Rolling Stone managing editor Will Dana offered a series of tweets Friday afternoon which seem to offer a more abject apology for the magazines failure to check the facts in a widely read story about an alleged gang-rape at UVA. Dana’s final tweet made it clear the failure was that of the magazine not the young woman profiled in their story.
1/I can’t explain the discrepancies between Jackie’s account and the counter statements made by Phi Psi.
— Will Dana (@wdana) December 5, 2014
2/The fact that there is a story that appears in Rolling Stone in which I don’t have complete confidence is deeply unsettling to me.
— Will Dana (@wdana) December 5, 2014
3/We made a judgment – the kind of judgement reporters and editors make every day. And in this case, our judgement was wrong.
— Will Dana (@wdana) December 5, 2014
4/ We should have either not made this agreement with Jackie…
— Will Dana (@wdana) December 5, 2014
5/…or worked harder to convince her that the truth would have been better served by getting the other side of the story.
— Will Dana (@wdana) December 5, 2014
6/ That failure is on us – not on her.
— Will Dana (@wdana) December 5, 2014
Earlier in the day Dana had published a 3-paragraph letter backing away from the story. That came as the Washington Post published its own detailed story stating that some of the claims in the Rolling Stone piece were inaccurate. The Post story also noted that some of the friends of the young woman around which the story is based (Jackie–a pseudonym to protect her identity) have begun to have doubts about her story.
Dana’s initial letter backing away from the story was harshly criticized, especially by some on the left, for what they saw as an attempt to blame the subject of the story for the magazine’s failure to verify the facts before publishing. MSNBC’s Chris Hayes had a blunt response:
Also, fuck you RS for trying to throw your source under the bus: this is on you, not her http://t.co/xb8g3aAveM
— Christopher Hayes (@chrislhayes) December 5, 2014
But Hayes’ response was tame compared to how CNN contributor Sally Kohn responded:
Stupid f*cking slimy victim-blaming Rolling Stone….
— Sally Kohn (@sallykohn) December 5, 2014
Vox’s Amanda Taub also wrote a piece criticizing Dana’s initial statement:
Rolling Stone’s statement places the blame on Jackie, accusing her of being unworthy of trust.
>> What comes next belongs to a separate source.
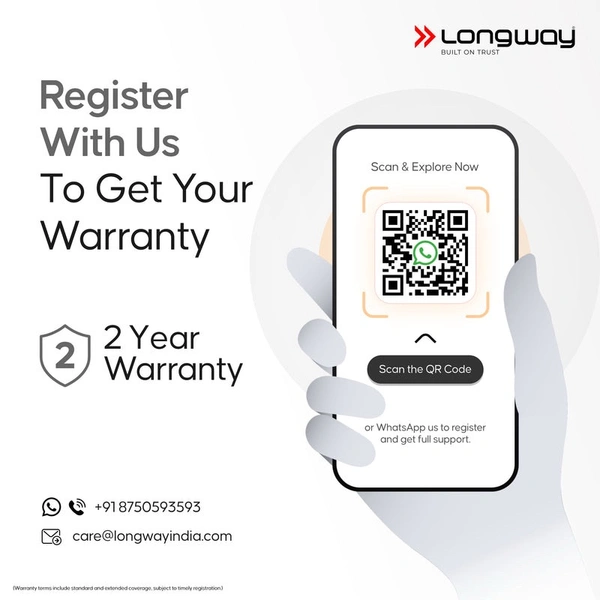 LONGWAY Longway Kratos 1000 Watt Juicer Mixer Grinder With 4 Jars For Grinding, Mixing, Juicing With Powerful Motor | 1 Year Warranty | (Black, 4 Jars)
But the fact is that the magazine failed to report this story in a careful and ethical way. The reporter, Sabrina Rubin Erdely, did not fully check the details of Jackie’s story before publishing them — or contact the alleged perpetrators involved…
Erdely claims that she was trying to protect Jackie, who feared that she might suffer retribution if Rolling Stone contacted her attackers. But failing to ensure that the story was accurate before exposing it to public scrutiny didn’t protect Jackie. It left her vulnerable.